9 Signs Your Cat is Stressed
If you notice your cat behaving oddly, there’s a good chance she is experiencing some type of stress. There are several ways a cat shows her discomfort; review these cues to recognize when your cat is stressed so that you can get her the relief she needs.
Seeking a safe place to hide is a common behavior for cats experiencing stress or anxiety. If your cat is hiding more than what is normal for her, it’s likely due to stress.
Vomiting, diarrhea or constipation can sometimes be caused by stress. However, be sure to get a vet check to rule out any other potential medical issues before assuming it’s due to stress.
Shedding beyond what is typical for your cat can be a sign of stress.
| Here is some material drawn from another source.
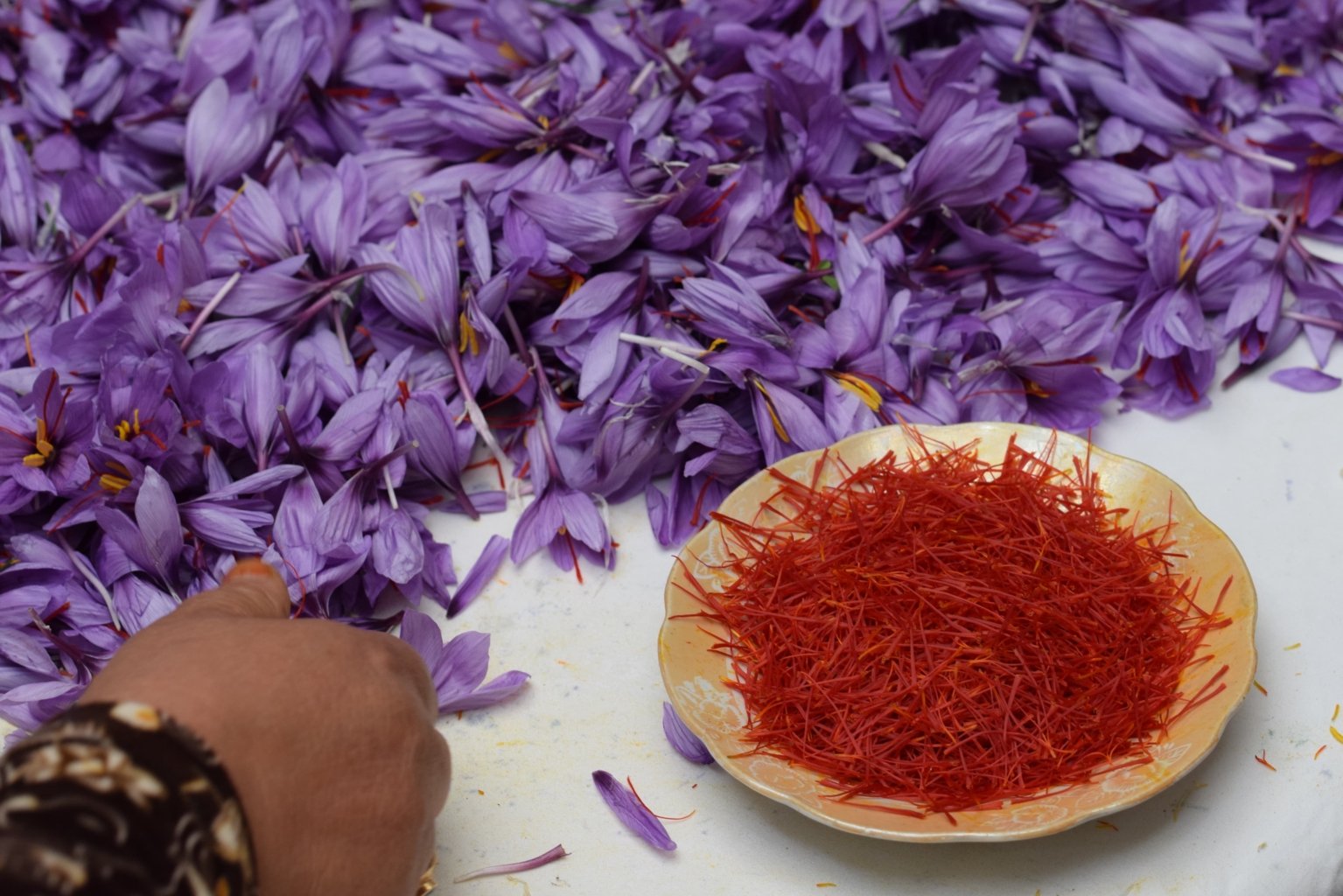 Émondage manuel des fleurs de safran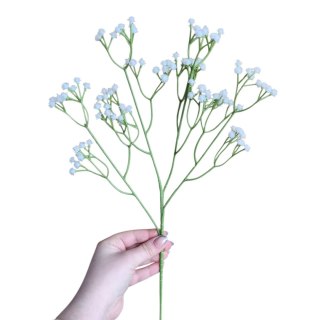 Kaszka gipsówki h-60cm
This is a physiological response that is out of your cat’s control, so rather than getting frustrated at the extra cleanup duties, try to get to the bottom of what’s going on.
Cats use their tails to express many different emotions. If your kitty’s tail is held low or tucked, it’s a sign that she’s feeling anxious or stressed.
In addition to their expressive tails, you can also glean some clues from a cat’s ears and eyes. Dilated pupils are an automatic physiological response when your cat feels like she is in a fight-or-flight situation. Pinned back ears are a sign of fear or anger.
Stressed cats will often obsessively over-groom themselves as a way of trying to self soothe. Behaviors include excessive licking and nibbling at their bodies. If this is the only symptom of stress you notice, be sure to get your vet’s opinion because it could also be due to allergies, fleas, or other pests.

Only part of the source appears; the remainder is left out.